O Homem Eterno: A Fuga do Paganismo

No capítulo V da segunda parte do livro, Chesterton nos fala do caráter único do cristianismo, de porque ele é ou a única religião ou algo diferente das chamadas religiões. Sim, os puristas da idéia de que todas as religiões são igualmente válidas ou que as culturas são igualmente meritórias sentirão uma revolta interior fervilhante, mas é a reação que só as grandes verdades provocam.

O mundo antigo greco-romano distingue claramente mitologia e filosofia. São duas camadas diferentes, que pouco se misturam. Até porque os diversos credos não tem caráter militante, não buscam se colocar ao outro como verdade, ou mesmo como a única verdade. Esta idéia de liberdade, argumenta Chesterton, longe de tornar o homem radicalmente livre, o aprisiona como um escravo.

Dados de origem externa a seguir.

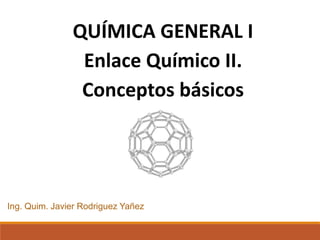 QUÍMICA GENERAL I
Enlace Químico II.
Conceptos básicos
Ing. Quim. Javier Rodriguez Yañez
 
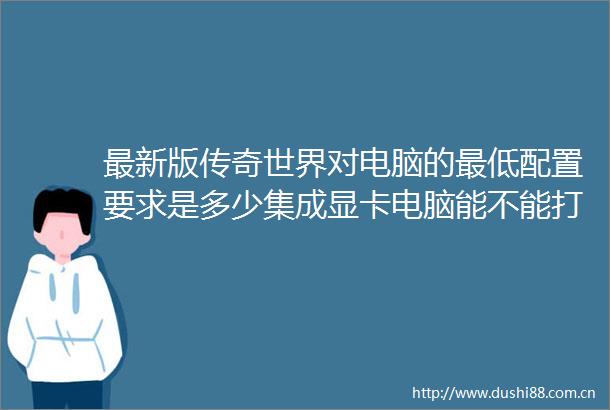 最新版传奇世界对电脑的最低配置要求是多少集成显卡电脑能不能打
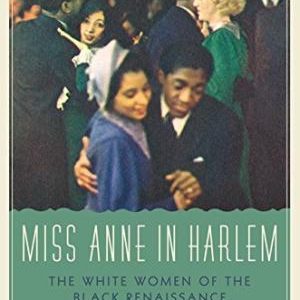 Miss Anne in Harlem: The White Women of the Black Renaissance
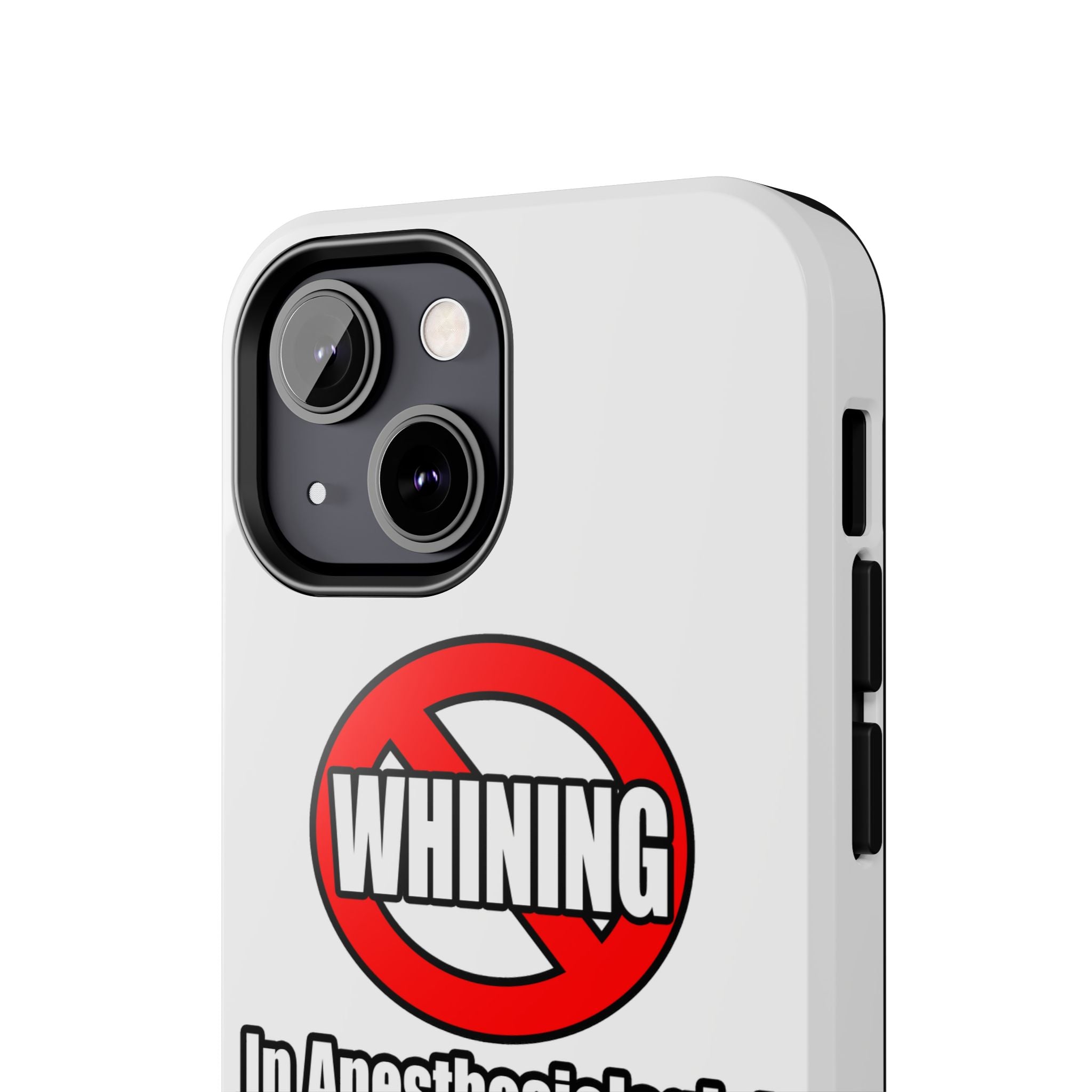 No Whining In Anesthesiologist Assistance - Tough Phone Cases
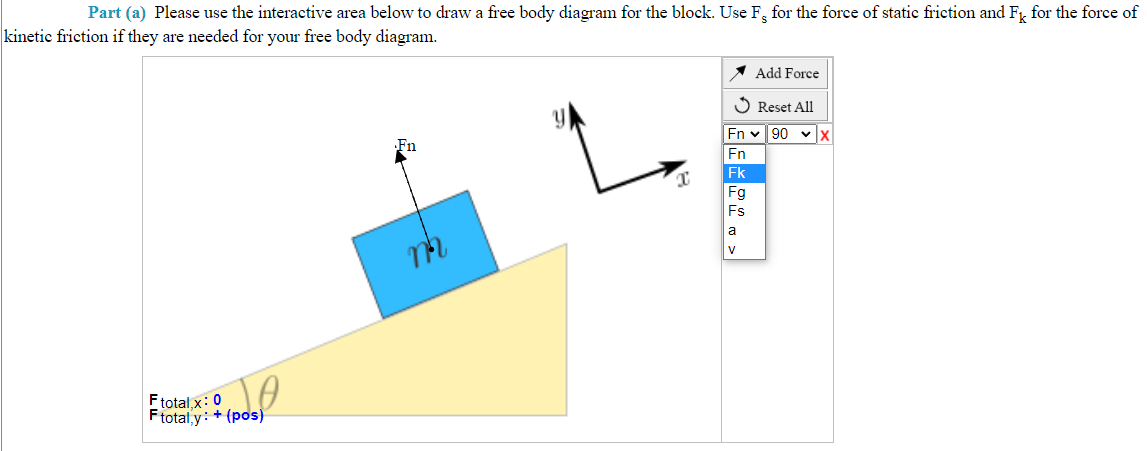 Part (a) Please use the interactive area below to draw a free body diagram for the block. Use F, for the force of static friction and Fk for the force of
kinetic friction if they are needed for your free body diagram.
TO
Ftotal,x: 0
Ftotal,y: + (pos)
Fn
m
x
Add Force
✓ Reset All
|En* 90 *lx
Fn
Fk
Fg
Fs
a
V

A Ásia é o mundo velho do paganismo. É como a Europa, que é tão velha quanto ela, seria se não fosse a transformação do cristianismo. A Europa renasceu e daí veio seu frescor, sua dinâmica. A Ásia é o único inimigo real do cristianismo pois é o mundo pré-cristão, um mundo que termina de alguma forma no pessimismo.

O cristianismo é a resposta dos anseios da mitologia e da filosofia antiga. Ele responde ao desejo de romance da mitologia porque conta uma história. Ele responde ao anseio da verdade da filosofia porque é uma história verdadeira. Sua verdadeira crítica não é que não seja uma verdade, mas que seja uma verdade boa demais para ser verdade. E de fato é. O homem se torna radicalmente livre porque é livre para cair, para negar seu criador. É uma história que o homem não poderia imaginar porque o maior dos generais vai para guerra lutar como o menor dos soldados.